[[ Exercise input, beginning ]]

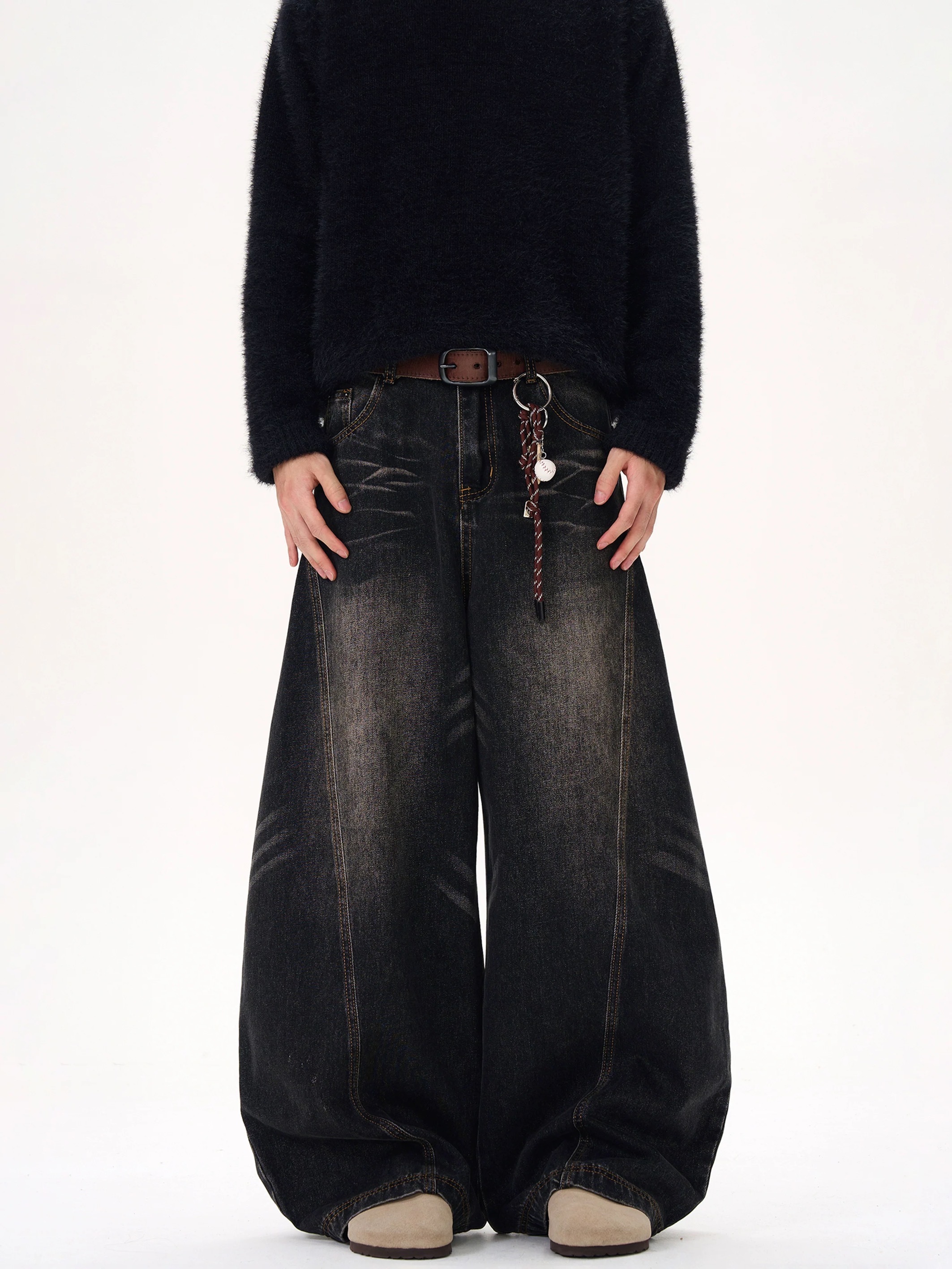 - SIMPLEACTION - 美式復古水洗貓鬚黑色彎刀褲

[[ Exercise input, end ]]
[[ Exercise input, beginning ]]

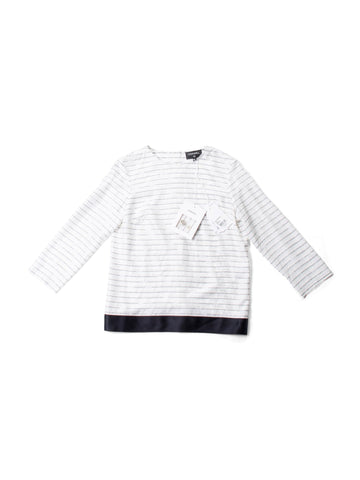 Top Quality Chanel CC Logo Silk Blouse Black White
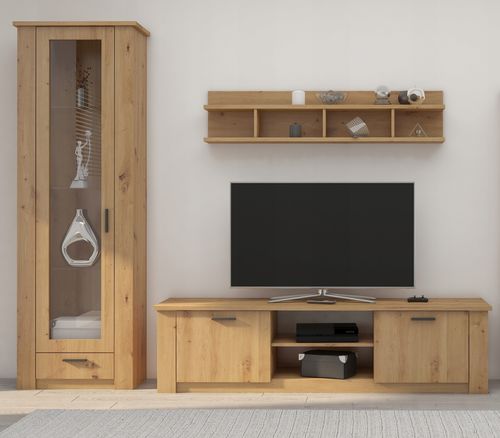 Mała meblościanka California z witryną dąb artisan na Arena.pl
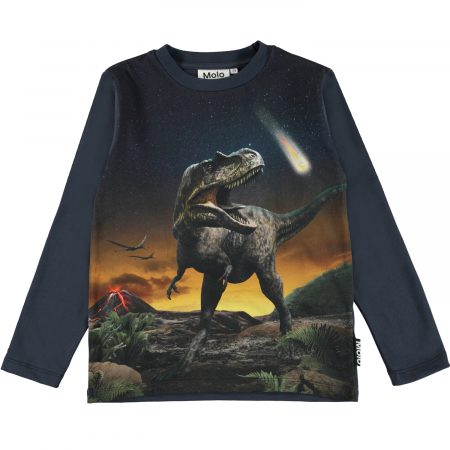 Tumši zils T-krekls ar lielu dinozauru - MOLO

[[ Exercise input, end ]]

### What the exercise asks
Both the line above containing "Top Quality Chanel" and the line containing "Tumši zils T-krekls" belong in the copy, along with every line between them; print these exactly and omit the pictures.

### Result
 Top Quality Chanel CC Logo Silk Blouse Black White
 Mała meblościanka California z witryną dąb artisan na Arena.pl
 Tumši zils T-krekls ar lielu dinozauru - MOLO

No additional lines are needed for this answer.